Once he's back in fighting shape, Storm is ready to face the stream of henchmen that are coming after him and take down the people who destroyed his life. Trent's catchphrase is "You can take that to the bank," prompting Storm to drop one of the most laughable lines in action movie history, "I'm gonna take you to the bank, Senator Trent. To the blood bank."

A lot of fighting ensues, with fists and feet as well as firearms, delivering a good amount of entertainment, and by the time the end credits are rolling Storm has discovered that his son is also secretly still alive, being raised by his friend in Internal Affairs. Thankfully, we don't have to spend too much time watching father and son get reacquainted with each other. That can happen after the events of the movie, right now we want to see action, and Hard to Kill delivers that even in their reunion scene, where the kid watches as his long lost pops brutally snaps the neck of a bad guy right in front of him.

This movie contains one of the most popular bad guy kills in Seagal's filmography, one where he sticks a broken pool cue into a guy's neck.
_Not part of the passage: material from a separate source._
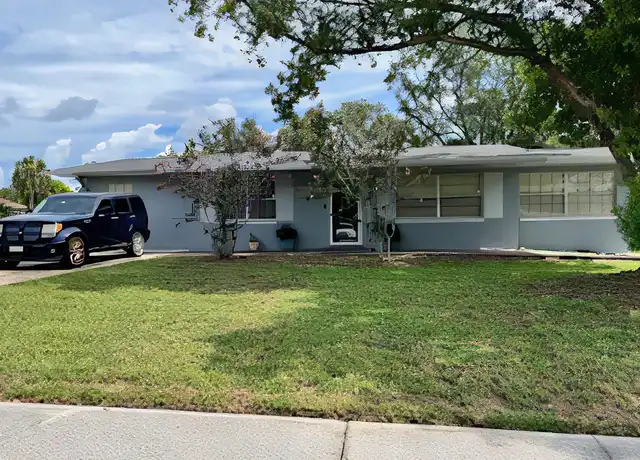Property at 104 E Pearl St, Minneola, FL, 34715, 2 beds, 1 bath, [object Object]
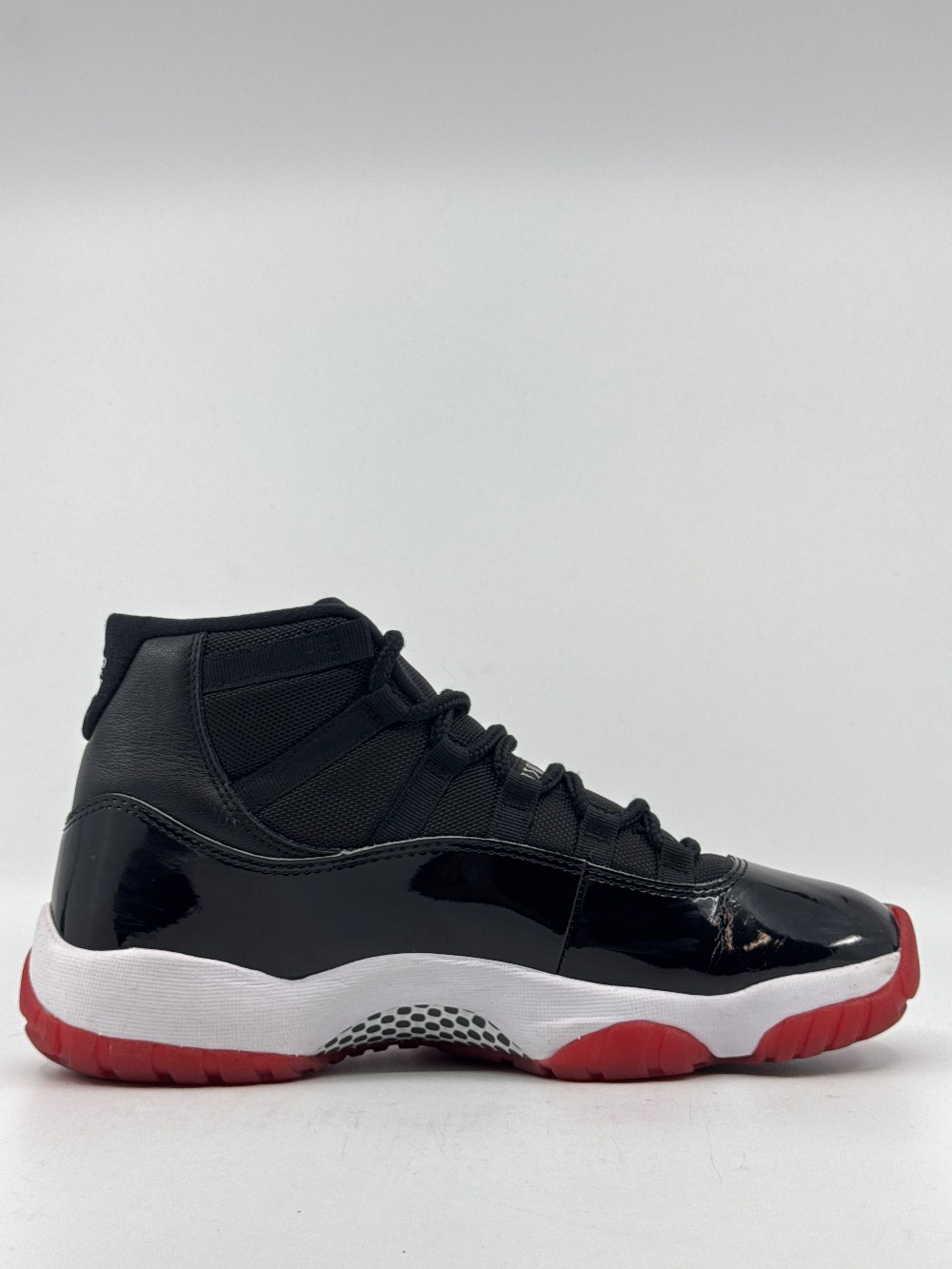 *USED/REP BOX* AJ 11 - PLAYOFF BRED (2019)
I can remember my father rewinding the moment where Seagal kills that unfortunate fellow multiple times.

Interestingly, two actors from this film, Branscombe Richmond and Dean Norris, would end up on the Tremors TV show together.

Apparently distributor Warner Bros. ordered that this film be cut down quite a bit in an effort to make it as fast paced as possible and keep it close to 90 minutes (it runs just over 95). I can't say how a longer version would have been, but I find the theatrical cut to be a lot of fun to watch and feel that Hard to Kill a big step up from Seagal's first movie, Above the Law.